Generating Tools to Investigate Infant Leukemia Disease Biology and Identify New Therapies Through Rapid Drug Screening.
Abstract
Infant Leukemia (IL) is a rare and aggressive congenital leukemia that is frequently caused by fusion genes involving lysine methyltransferase MLL (MLL1; KMT2A) and has a dismal prognosis. Further investigation into MLL-fusion disease biology and the role of contributing genetic factors, such as predisposing germline mutations to lysine methyltransferase KMT2C (MLL3), is needed. I genetically engineered two zebrafish models: a Cre/lox inducible transgenic model to express MLL-AF9 or MLL-ENL within specific blood cell lineages, and a knockout model of KMT2C homologs, kmt2ca and kmt2cb.
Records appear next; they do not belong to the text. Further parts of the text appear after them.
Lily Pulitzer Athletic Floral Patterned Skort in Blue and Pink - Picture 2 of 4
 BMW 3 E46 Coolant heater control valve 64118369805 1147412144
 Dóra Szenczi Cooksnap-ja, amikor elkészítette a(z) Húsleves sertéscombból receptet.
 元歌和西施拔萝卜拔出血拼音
I successfully established three blood cell specific CreERT2 expressing transgenic lines. However, MLL-AF9 and MLL-ENL transgenic fish failed to expression of the MLL-fusion genes and this model requires further development. Preliminary results indicate kmt2cb-/- larvae may have decreased myelopoiesis during primitive hematopoiesis suggesting a block in differentiation, while kmt2ca-/- fish have yet to be assessed. These models represent the development of new tools for IL research.